I have been working on a model (see code attached). The stochastic version seems to be working fine. However, I would like to examine the effects of a temporary and fully anticipated shock. This unfortunately does not seem to work: the code does not converge. Based on the tips I found online, I attempted several ways to fix this: 1) increasing the number of periods, 2) decreasing the step size (options_.slowc), but neither seem to help. Interestingly, even if I set the shock to be always equal to its steady state value, the algorithm still does not find the right solution (which should be to stay in steady state forever).

The name of the variable that is shocked is ‘logkappa’ and its dynamics are set in line 315 of the code.

I tried fixing some variables of the model, and found one thing that does ‘work’. In line 139, there is a first order condition for a variable called ‘LC’. If I fix this variable at its steady state value, the code seems to work. Also, if I change both sides of the equation to current instead of next-period variables (wC and wS), the algorithm works, but only if I don’t set the number of time periods to be too high.

Would you have any ideas as to what is going on, and any tips on how I might fix this?

If you set “wC=wS”, then the Blanchard-Kahn conditions are not verified (see the output of the “check” command), so this case is ruled out.

If you set “wC(+1)=wS(+1)”, then the Blanchard-Kahn conditions are verified, but the Jacobian of your matrix become singular (lots of warning messages related to that). The convergence does not occur, even though there is actually no shock (the value given to logkappa in the shocks block is its steady state level!)

I think something is wrong with your model, but some more work is needed to find the problem.

Thanks for your reply. I have some (dumb) questions. Could you maybe answer them, or point to a good source for reference?

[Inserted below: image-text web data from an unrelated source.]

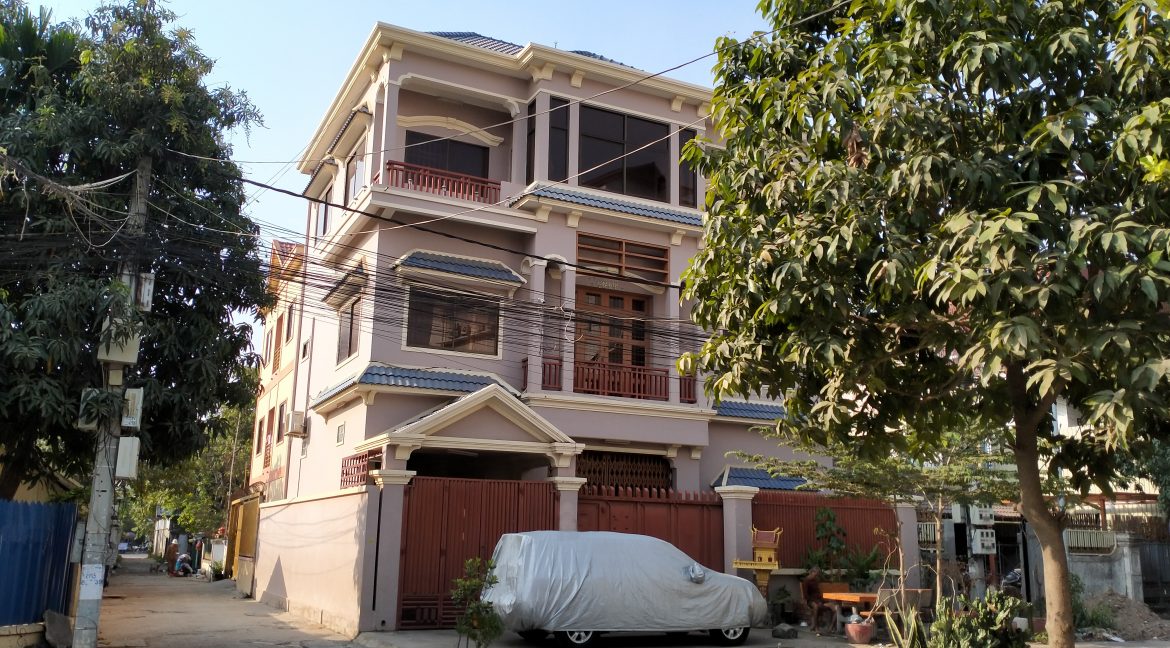 Conner House for Sale in Toul Kork Area (2)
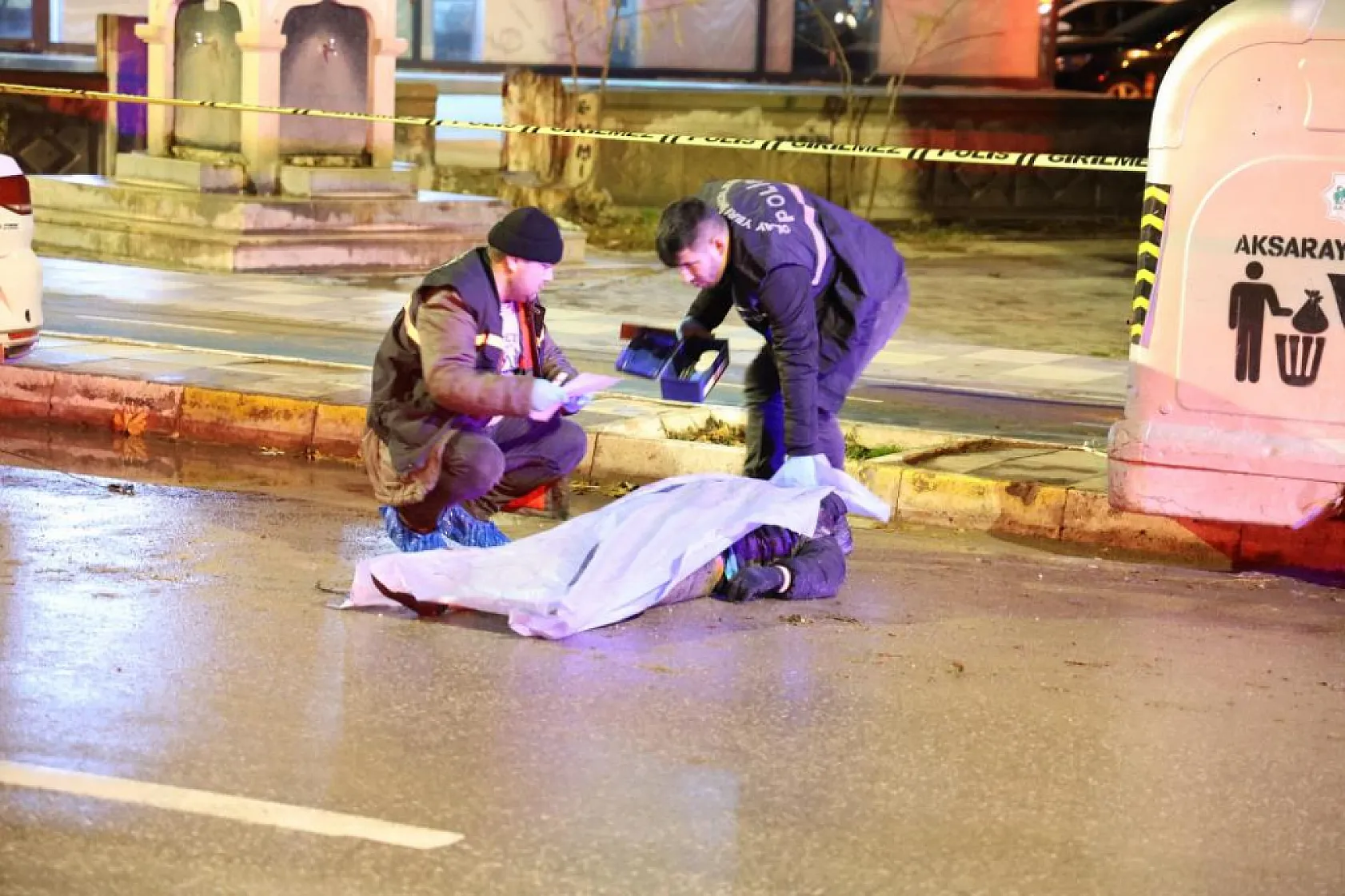 Otomobilin çarpıp kaçtığı bisiklet sürücüsü öldü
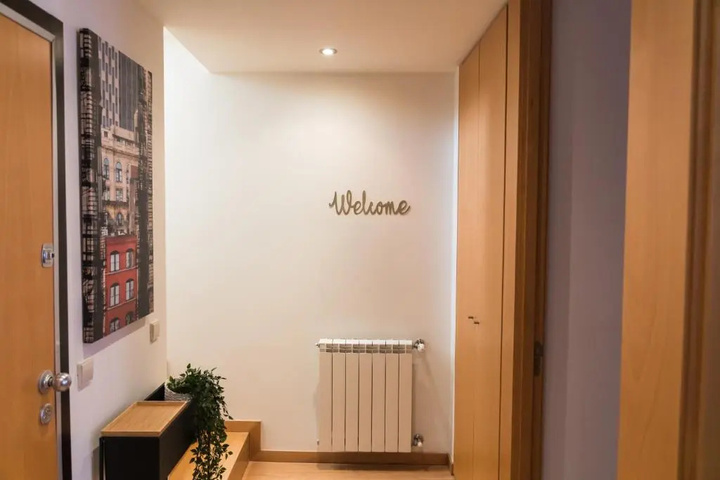 Room 15 of 19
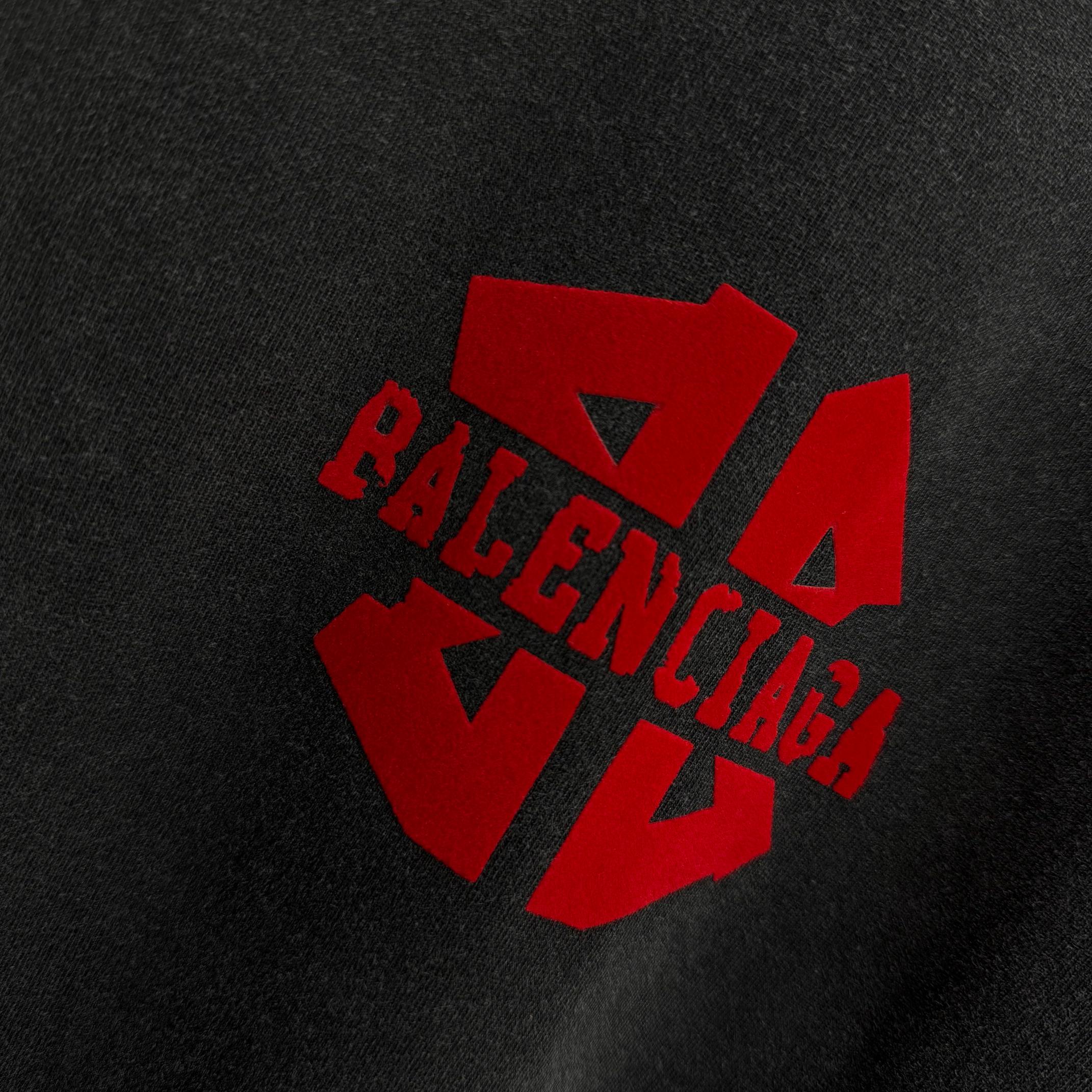 Balenciaga # 巴黎世* Balenciag*2026春夏新款 洗水磨破320克圆领短袖tee 宽松版 植绒工艺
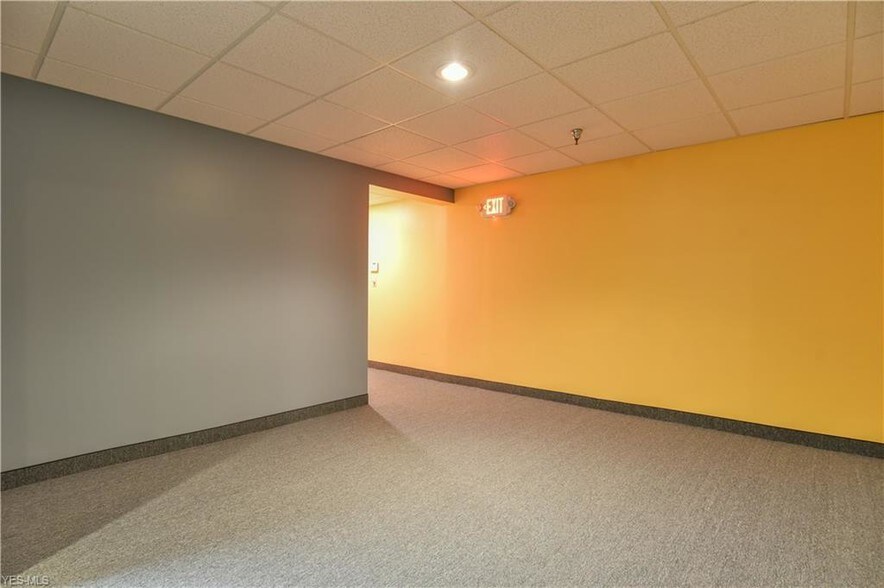 More Photos Of 8790 E Market St, Warren Medical For Sale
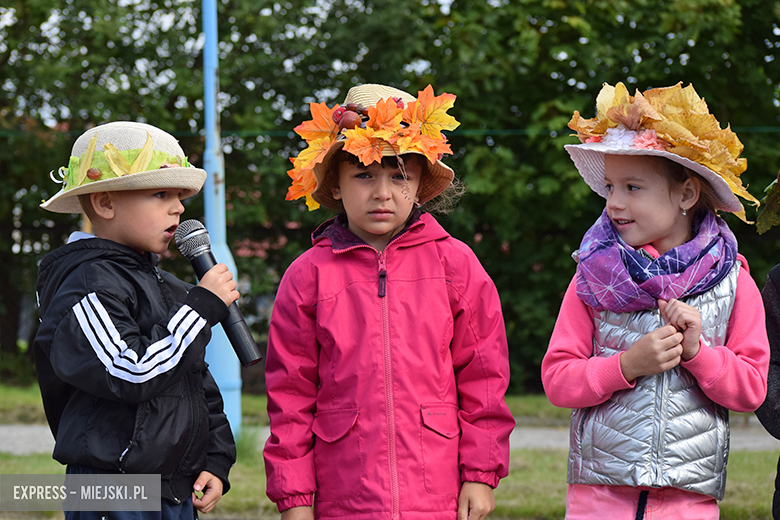 Dzieci witają jesień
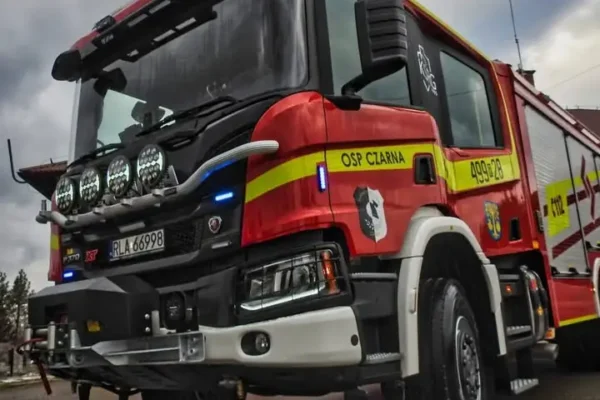 Próbna ewakuacja w Szkole Podstawowej i przedszkolach w Czarnej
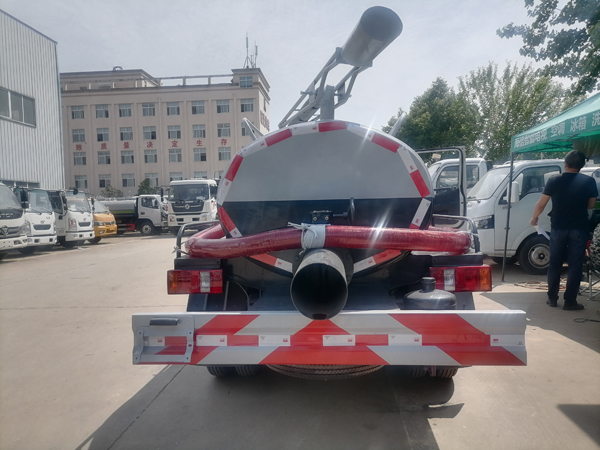  KAMA Mini Diesel 116hp 5.5CBM Sewer Suction Sewage Tank Truck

– What is the Jacobian of my matrix? I’m guessing this is used by the Newton algorithm. From what I can tell, this is not a square matrix, so how can it be singular?
– How did you see that it was singular?
– Might the problem be due to variables being perfectly collinear?
– My model seems to work for fine for estimation / stochastic simulation. Does this Jacobian error nevertheless suggest a bug, and should I be worried about my results?
– If there is a problem, what might be a smart way to figure out what is wrong with my model?

Actually I meant the Jacobian of the big nonlinear stacked system made of all equations at all dates of simulations, which is solved in the deterministic case. I think that when you set “wC(+1)=wS(+1)”, the singularity appears because there is no variable appearing at current date in this equation.
With “wC=wS” the Blanchard-Kahn are not satisfied.

In both cases this denotes a misspecification of your model or a wrong parameterization.

A lot of error messages related to that.

It’s hard to tell what’s wrong without a deep investigation of your model. I think there is no “simple” way of finding what’s wrong. You need to go back to your economic framework and identify the possible mistakes in derivation of first order condition or in the way you pose the optimization problem.